Data extracted from a collection:

::::

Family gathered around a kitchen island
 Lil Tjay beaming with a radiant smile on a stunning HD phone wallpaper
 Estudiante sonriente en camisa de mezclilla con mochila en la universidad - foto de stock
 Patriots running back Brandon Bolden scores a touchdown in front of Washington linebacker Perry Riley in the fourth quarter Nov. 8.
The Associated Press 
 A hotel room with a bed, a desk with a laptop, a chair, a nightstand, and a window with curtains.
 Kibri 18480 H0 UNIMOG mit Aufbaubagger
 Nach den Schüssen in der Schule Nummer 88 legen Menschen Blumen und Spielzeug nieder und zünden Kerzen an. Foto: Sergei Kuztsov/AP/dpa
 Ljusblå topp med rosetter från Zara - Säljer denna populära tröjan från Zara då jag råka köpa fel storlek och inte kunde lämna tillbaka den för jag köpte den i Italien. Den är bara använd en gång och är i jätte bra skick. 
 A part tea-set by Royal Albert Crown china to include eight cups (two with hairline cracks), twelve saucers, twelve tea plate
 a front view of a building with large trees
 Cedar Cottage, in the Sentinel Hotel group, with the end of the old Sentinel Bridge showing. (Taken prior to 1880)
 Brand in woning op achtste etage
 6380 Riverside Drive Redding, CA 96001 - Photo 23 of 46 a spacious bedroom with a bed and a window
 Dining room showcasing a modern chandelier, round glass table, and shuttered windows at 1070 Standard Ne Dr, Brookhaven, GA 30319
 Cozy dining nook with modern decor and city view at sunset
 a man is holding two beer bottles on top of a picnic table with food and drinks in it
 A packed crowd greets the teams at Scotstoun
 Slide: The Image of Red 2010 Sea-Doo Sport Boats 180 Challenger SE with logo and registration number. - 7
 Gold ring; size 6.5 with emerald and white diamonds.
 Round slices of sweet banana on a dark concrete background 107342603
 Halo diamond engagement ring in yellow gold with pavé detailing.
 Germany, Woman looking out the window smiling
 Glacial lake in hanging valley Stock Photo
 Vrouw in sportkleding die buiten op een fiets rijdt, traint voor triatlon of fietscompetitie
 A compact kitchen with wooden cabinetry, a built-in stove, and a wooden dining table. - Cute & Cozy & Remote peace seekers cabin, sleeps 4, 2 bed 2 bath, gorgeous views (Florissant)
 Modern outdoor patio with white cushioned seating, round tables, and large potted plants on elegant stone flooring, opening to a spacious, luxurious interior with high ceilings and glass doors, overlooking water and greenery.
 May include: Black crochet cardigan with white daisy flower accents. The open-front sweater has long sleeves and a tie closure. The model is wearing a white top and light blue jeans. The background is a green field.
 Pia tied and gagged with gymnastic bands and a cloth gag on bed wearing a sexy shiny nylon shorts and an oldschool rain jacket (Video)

::::

Give back all the records above exactly as they were written.

Family gathered around a kitchen island
 Lil Tjay beaming with a radiant smile on a stunning HD phone wallpaper
 Estudiante sonriente en camisa de mezclilla con mochila en la universidad - foto de stock
 Patriots running back Brandon Bolden scores a touchdown in front of Washington linebacker Perry Riley in the fourth quarter Nov. 8.
The Associated Press 
 A hotel room with a bed, a desk with a laptop, a chair, a nightstand, and a window with curtains.
 Kibri 18480 H0 UNIMOG mit Aufbaubagger
 Nach den Schüssen in der Schule Nummer 88 legen Menschen Blumen und Spielzeug nieder und zünden Kerzen an. Foto: Sergei Kuztsov/AP/dpa
 Ljusblå topp med rosetter från Zara - Säljer denna populära tröjan från Zara då jag råka köpa fel storlek och inte kunde lämna tillbaka den för jag köpte den i Italien. Den är bara använd en gång och är i jätte bra skick. 
 A part tea-set by Royal Albert Crown china to include eight cups (two with hairline cracks), twelve saucers, twelve tea plate
 a front view of a building with large trees
 Cedar Cottage, in the Sentinel Hotel group, with the end of the old Sentinel Bridge showing. (Taken prior to 1880)
 Brand in woning op achtste etage
 6380 Riverside Drive Redding, CA 96001 - Photo 23 of 46 a spacious bedroom with a bed and a window
 Dining room showcasing a modern chandelier, round glass table, and shuttered windows at 1070 Standard Ne Dr, Brookhaven, GA 30319
 Cozy dining nook with modern decor and city view at sunset
 a man is holding two beer bottles on top of a picnic table with food and drinks in it
 A packed crowd greets the teams at Scotstoun
 Slide: The Image of Red 2010 Sea-Doo Sport Boats 180 Challenger SE with logo and registration number. - 7
 Gold ring; size 6.5 with emerald and white diamonds.
 Round slices of sweet banana on a dark concrete background 107342603
 Halo diamond engagement ring in yellow gold with pavé detailing.
 Germany, Woman looking out the window smiling
 Glacial lake in hanging valley Stock Photo
 Vrouw in sportkleding die buiten op een fiets rijdt, traint voor triatlon of fietscompetitie
 A compact kitchen with wooden cabinetry, a built-in stove, and a wooden dining table. - Cute & Cozy & Remote peace seekers cabin, sleeps 4, 2 bed 2 bath, gorgeous views (Florissant)
 Modern outdoor patio with white cushioned seating, round tables, and large potted plants on elegant stone flooring, opening to a spacious, luxurious interior with high ceilings and glass doors, overlooking water and greenery.
 May include: Black crochet cardigan with white daisy flower accents. The open-front sweater has long sleeves and a tie closure. The model is wearing a white top and light blue jeans. The background is a green field.
 Pia tied and gagged with gymnastic bands and a cloth gag on bed wearing a sexy shiny nylon shorts and an oldschool rain jacket (Video)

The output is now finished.